11Alive last month published a report documenting the last hours of Kevil Wingo, an inmate who died from a perforated ulcer in September 2019. After that report aired, the news station submitted an Open Records Request to the sheriff’s office to obtain the case files for Bradley Emory, Reginald Wilson and Stephanie McClendon.
The Cobb County Sheriff’s Office did not respond to a request from the AJC for comment on the lawsuit.
Attorney Derek Bauer, who has served as 11Alive’s outside counsel for 20 years, said the sheriff’s office has “manufactured an investigation” to claim it’s exempt from complying with the Open Records Act. The law governs which government records are to be open for public inspection.
“We were not surprised that they declined to do so," Bauer said of the sheriff’s office declining to release the records. "We were disappointed.”
According to the lawsuit, the investigation the sheriff’s office cited in its refusal is being conducted by Nathan Wade. Wade, a partner at Marietta law firm Wade, Bradley & Campbell, told the AJC that he was asked by Warren during the summer to look into complaints about the use of force, racial biases and discrimination and allegations of neglect dating back five years.
Wade represented the sheriff in March during a hearing before the Cobb County Board of Elections. The lawsuit by 11 Alive contends Wade and his firm have no experience or training in investigating jail deaths.
Wade, who previously said he’s not charging the sheriff’s office for his investigation, told the AJC that one firm member is a former Cobb County deputy and another has provided legal assistance to indigent defendants at the jail.
“To anyone who can dare say that this firm is not qualified to do this job, I would say they probably need to be a little more thorough in their research before making such statements," he said.
Bauer on Monday petitioned Cobb County Superior Court Judge Gregory Poole for an expedited oral hearing on his lawsuit.

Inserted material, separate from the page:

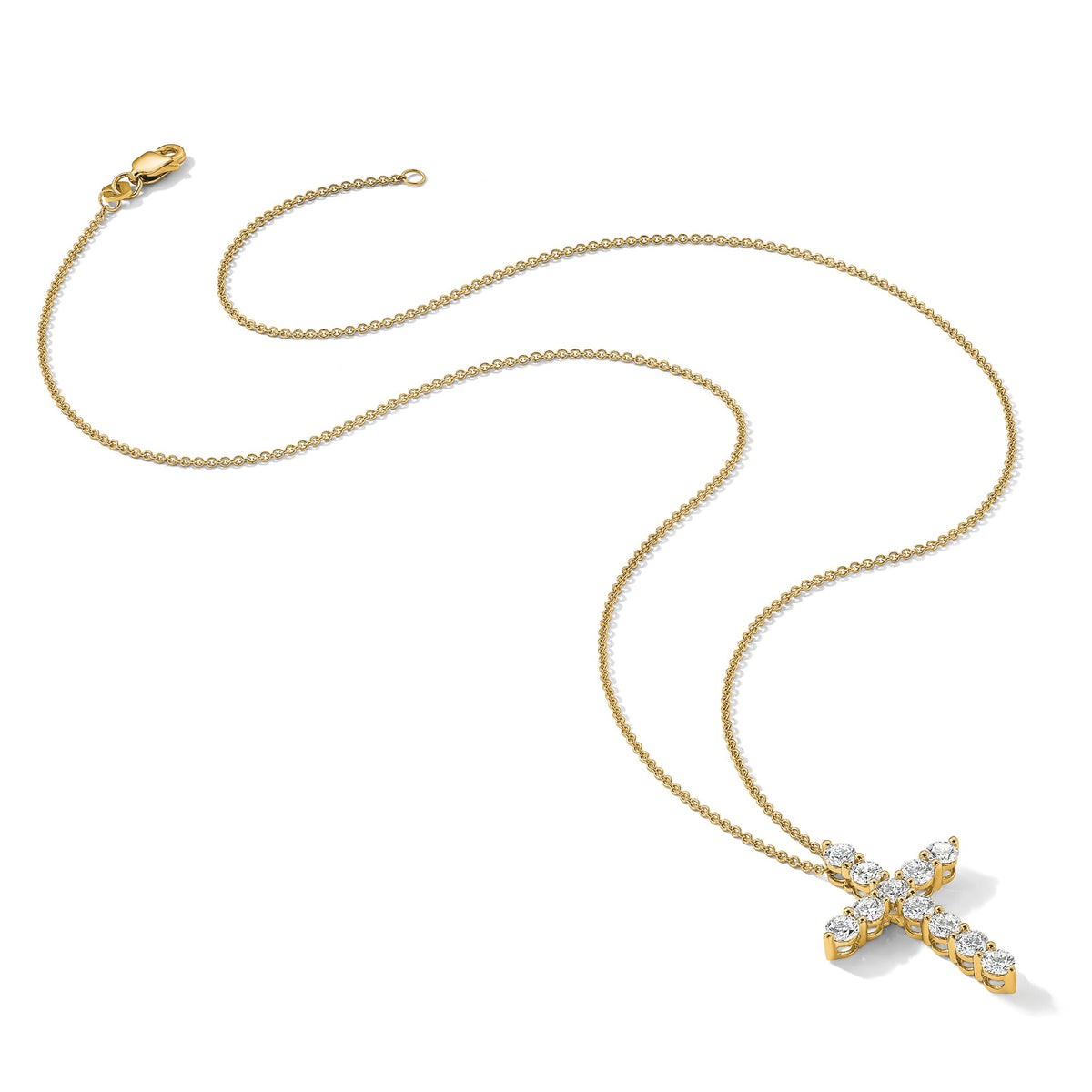 14k Diamond Cross 18 inch Necklace-PM1000-150-YA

The attorney said Warren and his team should comply with the Open Records Act so the public can see if Cobb inmates “are being housed safely and treated appropriately.”
“We can’t really know what deficiencies exist ... and the nature of those deficiencies in the administration of the jail until the records about what happened to these inmates are released to the public for evaluation," Bauer said.
The nine detainees who have died since December 2018 are Wilson, Emory, McClendon, Jessie Myles, William Kocour, Steven Davis, Kevil Wingo, Christopher Hart and an unidentified woman whose cause of death has not been released.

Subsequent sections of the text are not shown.